Begin your course by lecturing students on AP style. Make sure all students have an AP Stylebook and gradually work through the book during the semester. Over the course of the class, students should become familiar with all elements of AP style. The AP Stylebook contains guidelines for journalists on grammar, punctuation, proper word choice and usage, capitalization and more. Before asking students to do any copy editing, quiz them to make sure they are learning AP style.
Write a series of news stories that are riddled with errors in grammar, punctuation and AP style. Pass the articles out to your class and have them edit the stories. Grade them on how well they did catching and correcting the errors.
Repeat this exercise frequently. As your students' copy editing skills improve, you can make these exercises more difficult by not allowing them to use the AP Stylebook and thus force them to edit from memory. If your students are taking a reporting class or writing for the school newspaper, you also can have them exchange rough drafts of their own stories and edit each other's work.
Lecture students on the role of content editors. Make clear that content editing is distinct from copy editing. Copy editors correct spelling, grammar and style mistakes. Content editors take a "big-picture" approach, making sure stories are well written and organized, complete, factually sound, based on credible sources and reporting and free of bias.

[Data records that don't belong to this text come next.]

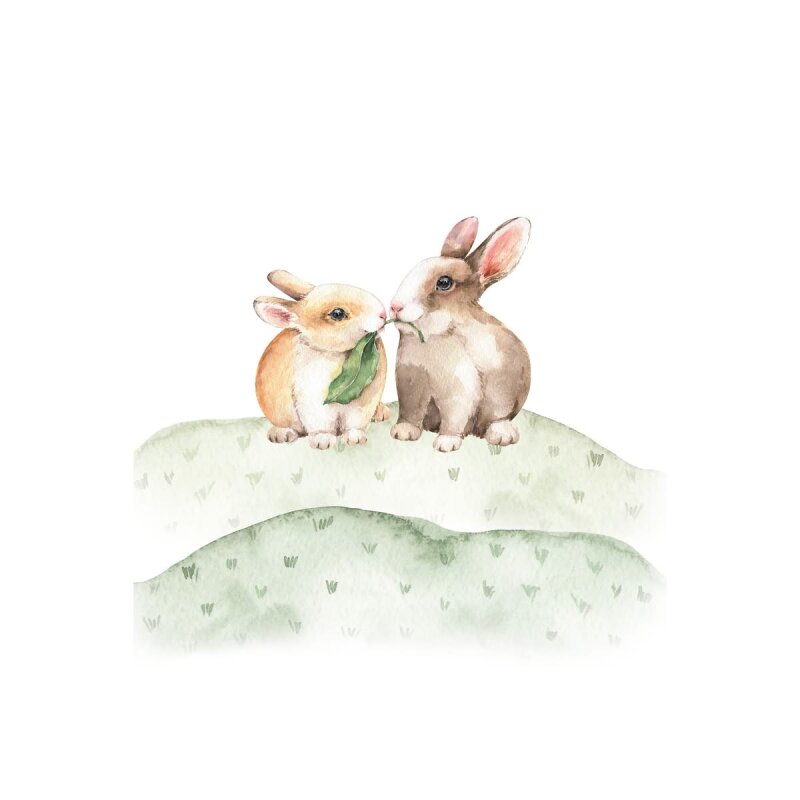 A.S. Création Leinwandbild Sweet Forest 2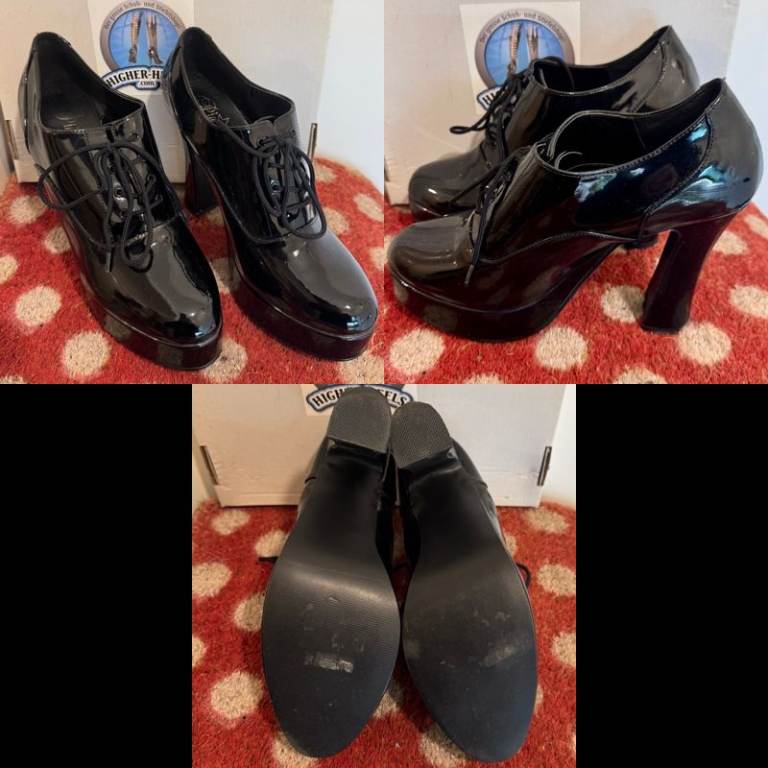 Pleaser USA Women’s Platforms Dolly-91 £30.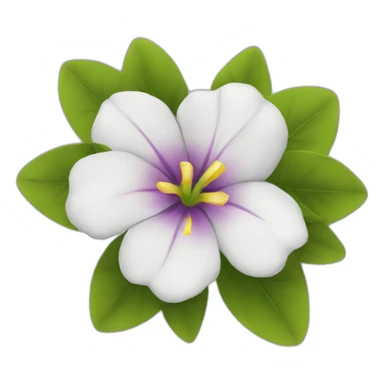 Donné un fleur sticker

Write out an example of a poorly written article. Before showing students the article, explain the requirements that the article has to meet for it to be publishable. Discuss the article's potential audience, the question it seeks to answer and its ideal word count. Make sure the story you will be asking them to edit fails to meet at least one of these requirements. For example. give them a book review that is intended for a mass audience but is laced with academic terminology. Students should be able to recognize that they have to simplify such jargon to meet a general audience's needs.
Have students edit the articles. As content editors, their focus should not be spelling or grammar. Instead, they should consider how the article is organized and whether it meets the requirements you have set forth. Their final product may require a great deal of rewriting. If this is the case, you should grade them not only on their editing but also the quality of their writing.
Increase the difficulty of this exercise over time. Present students with as many real-world editorial challenges as possible. For example, assign students articles with factual errors that they must catch and correct. Also, occasionally present students with articles that are beyond the capacity of an editor to fix. Award bonus points to students who recognize that the article must be sent back to the writer for a complete rewrite.